À medida que ia lendo a mensagem da Rita, o espanto e a comoção apoderaram-se de mim. Lembro-me de estar, literalmente, de boca aberta, enquanto lia. Afinal, havia alguém a passar pelo mesmo que eu. Com uma história tão, mas tão parecida. Eu já estava boa, mas a Rita não estava. E eu, que não fazia a mínima ideia de quem seria esta tal Rita, pensei imediatamente: “tenho de fazer alguma coisa por esta rapariga”.

A Rita não me conhecia de lado nenhum. Nem a minha cara tinha, sequer, visto. Mas a Rita confiou em mim – o desespero pode, de facto, ter um grande impacto nas nossas vidas. A Rita deixou que eu, através da minha história pessoal e do meu testemunho real, a ajudasse.



A partir daí, tudo foi tão fácil. Tão natural. Tão intuitivo. A ajuda passou, claramente, a ser recíproca e, mais do que isso, deixou de ser só ajuda: a ajuda transformou-se em amizade.

Foi assim que foi ganhando cada vez mais força a ideia de criarmos um blog. Este blog. Porque sabemos que vale a pena. Porque nós somos a prova de que há mais gente a passar pelo que nós passámos. E nós bem sabemos que não são raras as vezes em que achamos estar sozinhos, em que achamos que somos os únicos e que nunca, ninguém, nos vai conseguir compreender.

Teresa

sexta-feira, 15 de julho de 2016

Eu venci este medo #1


Uma das coisas que a minha fase marada trouxe consigo, sem pedir autorização, foi o medo. O medo descontrolado, o medo irracional, o medo de tudo, o medo do medo.

Durante uns meses, vivi com medo. Ou melhor: deixei de viver, por causa do medo. Tudo começou com o medo das doenças – esse, mais conhecido por hipocondria, que sempre me acompanhou, mas que não me limitava, não limitava o meu dia-a-dia, não limitava a minha vida. Depois de estar instalado, é difícil que o medo não se alastre. Não se generalize. Não se torne, agora sim, absolutamente impeditivo.
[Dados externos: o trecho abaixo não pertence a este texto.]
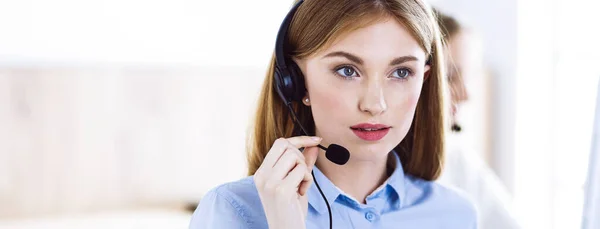 Portrait of call center operator at work. Group of people in a headset ready to help customers. Business concept — Stock Photo, Image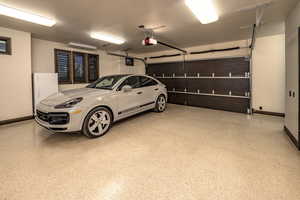 Garage with white refrigerator and a garage door opener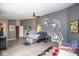 Spacious main bedroom featuring unique wall decor, ceiling fan, and wood-look flooring at 6532 Amherst Way, Zionsville, IN 46077
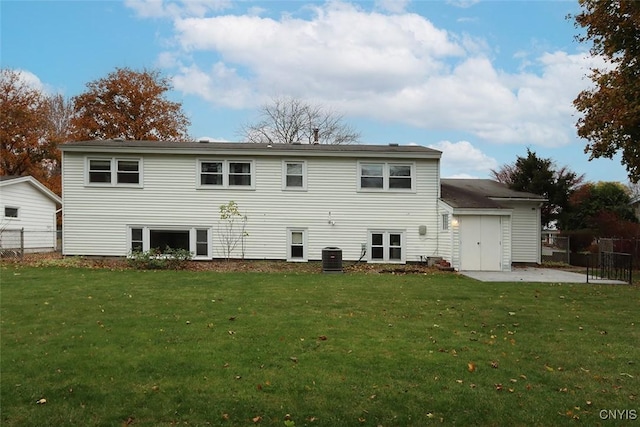 rear view of property with a lawn and central air condition unit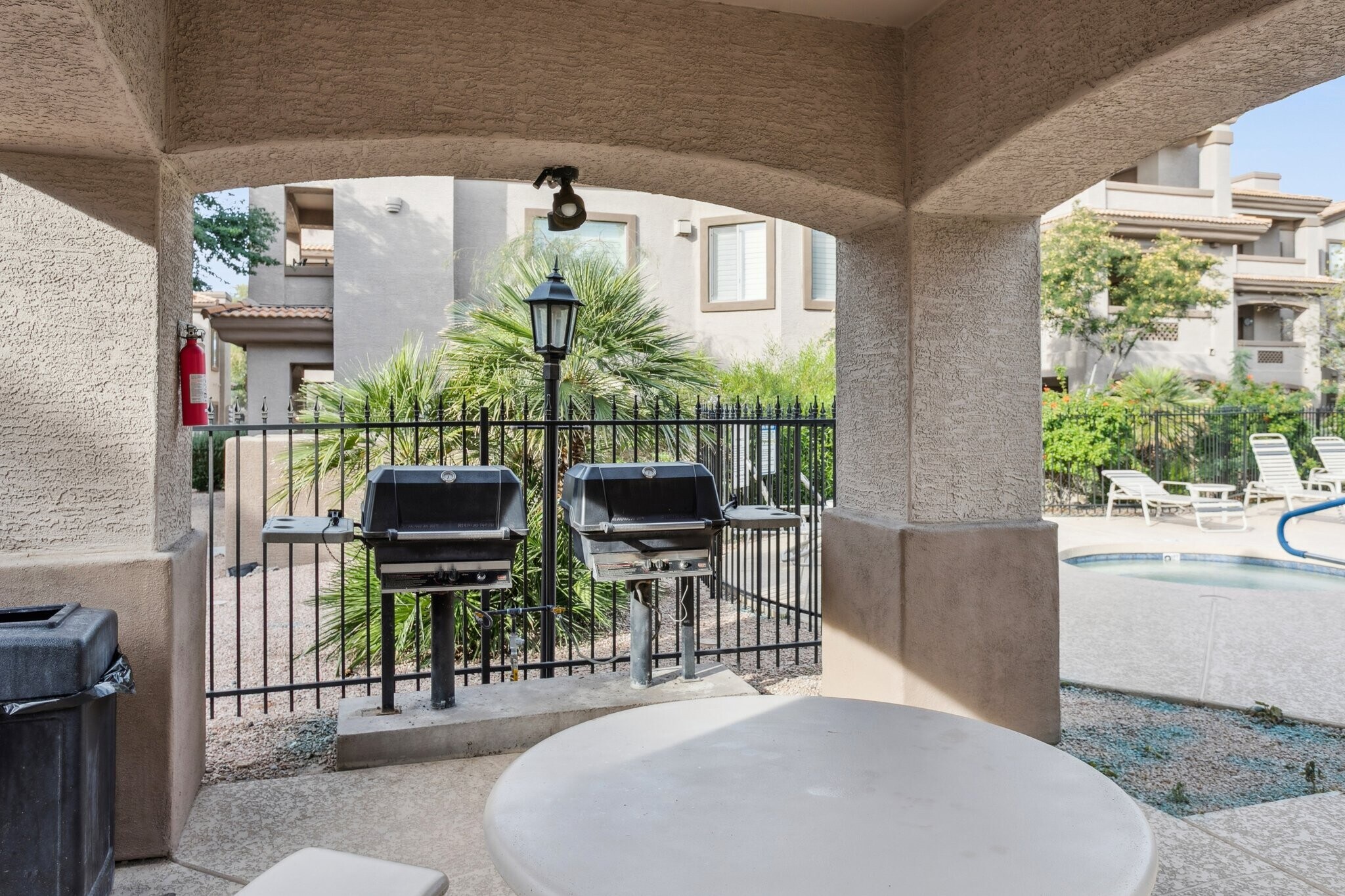 Covered barbecue area by the pool - 14000 N 94th St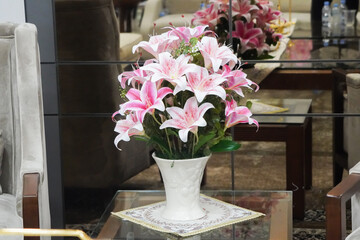 Pink and White Lilies in Elegant Vase on Glass Coffee Table.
No meu caso, tornou-se, de facto, impeditivo, em muito pouco tempo.

Várias coisas, básicas, do meu dia-a-dia, que outrora considerava inabaláveis, simples e até intuitivas, foram afetadas pelo medo. Ficaram para trás. Sem que eu conseguisse, sequer, encará-las, ou sem que pensasse, sequer, em tentar enfrentá-las.
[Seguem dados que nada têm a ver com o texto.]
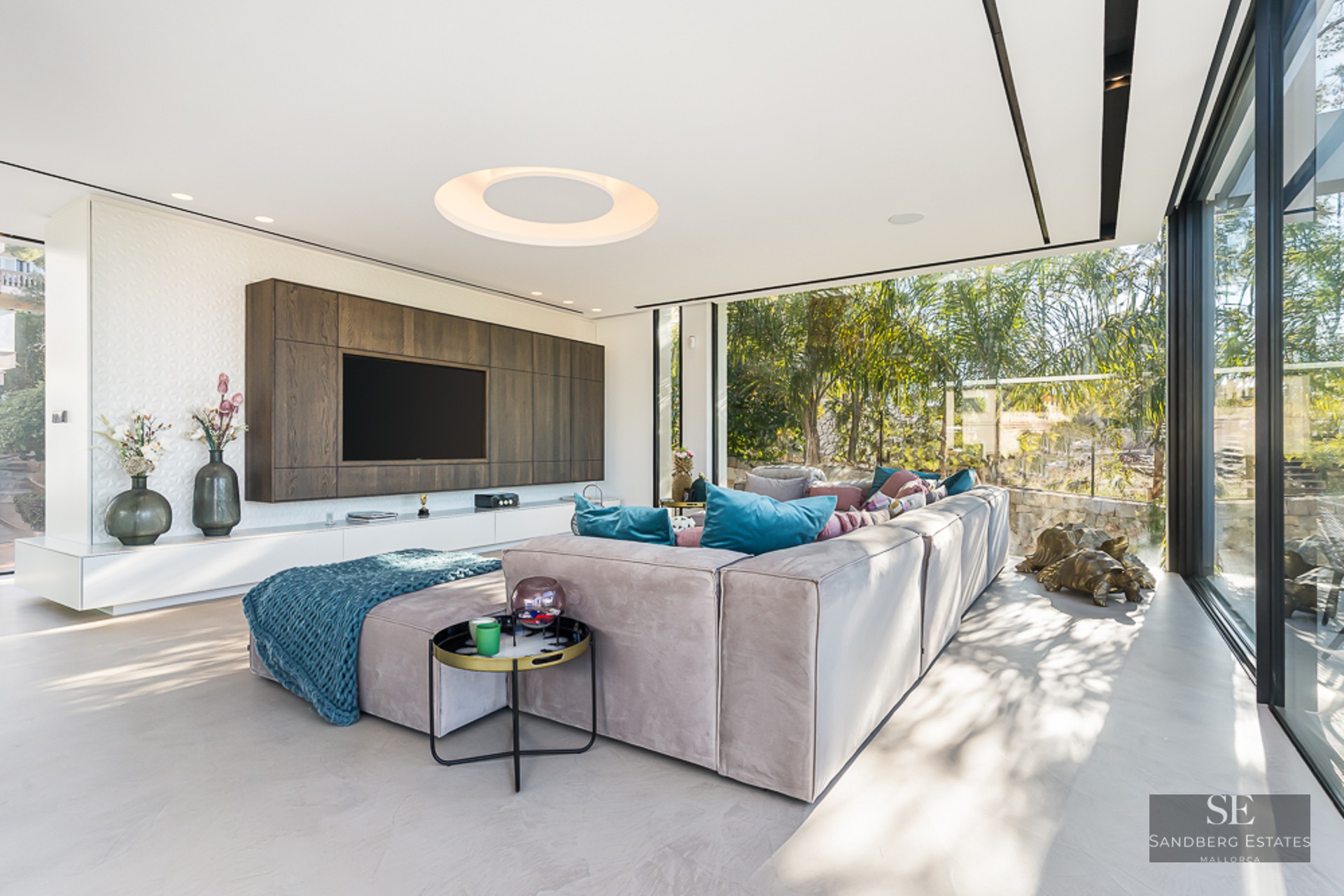 A bright contemporary living room with a large sectional sofa, wall-mounted TV, and floor-to-ceiling garden windows.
Hoje, escrevo este texto durante uma viagem de comboio, o Intercidades, até ao Porto. Ora aqui está uma das coisas a que me referia há pouco: andar de comboio para mim sempre foi algo simples, intuitivo e – mais ainda – agradável e confortável. Deixou de ser. Há uns meses, não conseguia sequer conceber a ideia de me enfiar num comboio, durante 3 horas, e partir para uma cidade que não a minha, longe da minha casa. É, o medo pode mesmo limitar a nossa vida. Eu bem sei o que isso é.



Por circunstâncias da vida, circunstâncias muito boas da vida, vi-me obrigada, no dia 20 de maio, a apanhar o Intercidades, pela primeira vez desde a fase marada. Sim, eu já não estava nessa fase a 20 de maio. Mas o medo ainda estava lá. Porquê? Porque ainda não o tinha enfrentado.

Passados dois meses, já apanho qualquer comboio com a naturalidade de antigamente. Se já não fico nem um bocadinho ansiosa? Estaria a mentir se dissesse que não. Fico, sim senhores. Porém, há aqui uma grande – a principal, acho eu – diferença: esta ansiedade, este medo, já não me limita. Já não me impede. Eu sinto o medo, eu aceito-o, mas eu enfrento-o.

Foram precisas algumas estratégias, sim. Foi preciso algum trabalho, claro. Mas digo-vos, muito honestamente: que sensação do caraças.